Odors and their effects

Her sweat smelled as fresh as sea wind, the tallow of her hair as sweet as nut oil, her sex like a bouquet of water lilies, her skin like apricot blossoms … and the combination of all these components resulted in a perfume so rich, so balanced, so magical, that everything Grenouille had smelled so far in perfumes, everything he himself had playfully created in his inner olfactory edifices, all at once degenerated into sheer futility. A hundred thousand scents seemed worth nothing before this one scent. This one was the higher principle, after whose model the others had to arrange themselves. It was pure beauty.

from: Patrick Süßkind: The Perfume
Smells and their effects

I remember the year 1985 well. Patrick Süskind’s “The Perfume” had just appeared on the market and we walked around sniffing. We had rediscovered one of our senses and now perceived the world with our noses. Everything was smell. Every bush gave off its own scent, we smelled the approaching rain as well as the freshly brewed coffee. And even love experienced an extra dimension, because we no longer just let ourselves fall into the encounters of two skin surfaces, but began to smell each other intensely.

The Dispatch of Napoleon to his lover Josephine has become famous: “Come back to Paris tomorrow. Do not wash.” At first, that sounds quirky. But love goes through the nose. We decide on the basis of the smell whom we look for as a partner. Even if we are usually not aware of it.

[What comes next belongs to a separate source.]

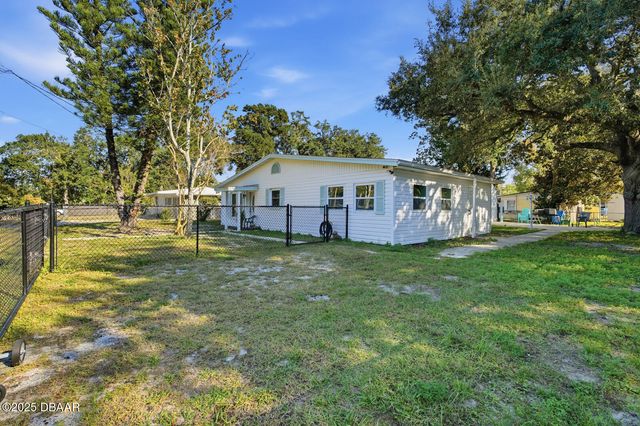 1215 Leon Lane, Daytona Beach, FL 32117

Meanwhile, there are even perfumes that contain artificial pheromones. So those substances that we cover up with deodorants, aftershaves and just perfumes in the first place. And which are actually there to help us choose the ideal partner. It is not for nothing that the most beautiful evening dresses leave the armpits free. The armpit region is where most of the scent glands nest.

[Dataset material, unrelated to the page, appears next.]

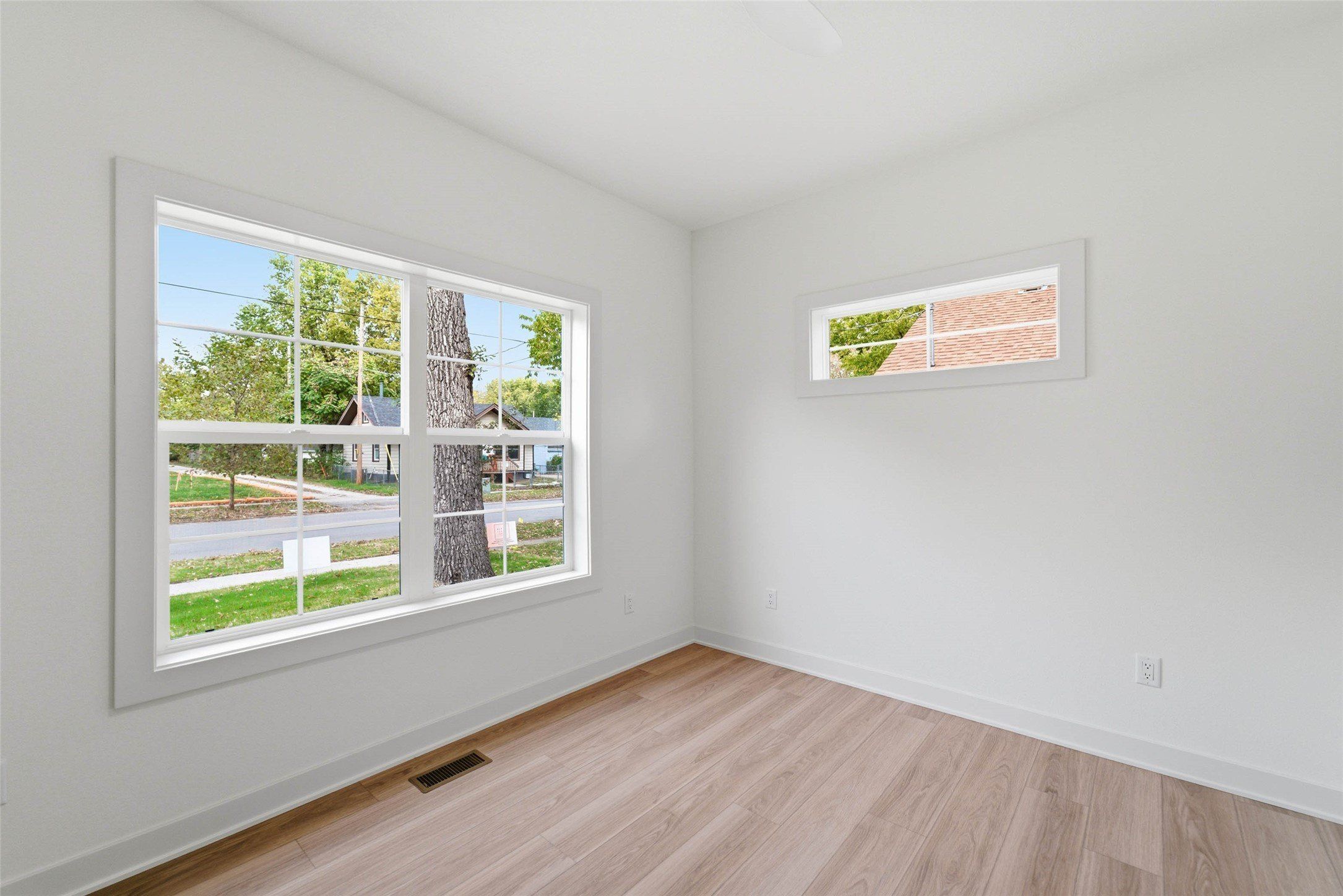 914 Douglas Avenue. Des Moines, IA 50313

But this blog is not about cultural criticism, but about the attempt to make eroticism tangible with all senses. And here the smell offers amazingly many possibilities, which often fall behind in literature. A well-written text passage can activate the olfactory memory of the reader and offer him something that the Internet clip eroticism can not give him. In other words, a real added value.

Take the following passage from Laura Esquivel’s “Bitter Sweet Chocolate“:

“Her sweat was pink and exuded a pervasive, truly beguiling scent of roses. […] In the twinkling of an eye, the scent of roses that her body exuded had spread to a considerable radius. Yes, it had penetrated beyond the village, where the revolutionaries and the Federales, the troops loyal to the regime, had just fought a bloody battle. Among them, that Villa supporter who had entered Piedras Negras a week earlier and had met Gertrudis in the village square, distinguished himself by particular bravery.
A rosy fragrance cloud reached him, enveloped him, and caused him to rush unawares at a wild gallop toward Mama Elena’s farm. Without knowing why, Juan, as this man was called, had turned his back on the battlefield, leaving there one of the enemy more dead than alive. A higher power guided his actions. He was driven by an overwhelming desire to search as quickly as possible for something unknown in an unspecified place. It was not difficult for him to find it. He only had to follow the scent of Gertrudis’ body.”

Totally apart from whether or not the reader can relate to this form of Mexican hyperbole, the scent of roses, perhaps paired with a dull top note of sour sweat, will be with him for a while.

He can hardly resist it either. This is because the same areas in the brain that are active during the actual perception of odors are stimulated when these key olfactory terms are read. This has been known at least since a study by Spain’s Jaume I Castelló University measured their subjects using functional magnetic resonance imaging (fMRI). They flashed words at the subjects on a monitor and watched how they responded. The brain responded exactly as if it had actually perceived the smell. So it was indistinguishable between literary and material reality.

As writers, we can take advantage of this by letting our protagonists sniff each other without restraint. Whether this is the smell of soap right after the shower, the perfume your sweetheart has put on, armpit sweat, or the very specific, animalistic scent of the intimate region, may be up to the plot at hand. At this point, I simply want to encourage people to try their hand at literary writing in this area.

To see how smells can best be described, I recommend you to start by reading (again) Süskind’s “The Perfume”. After all, it deals with the natural and artificial smell of people for more than three hundred pages. Make a list of those sentences with which he describes smells. In this way, I acquired a sense of the various techniques with which he processed smells literarily. And Süskind took a long time to make sure his descriptions didn’t seem stereotypical.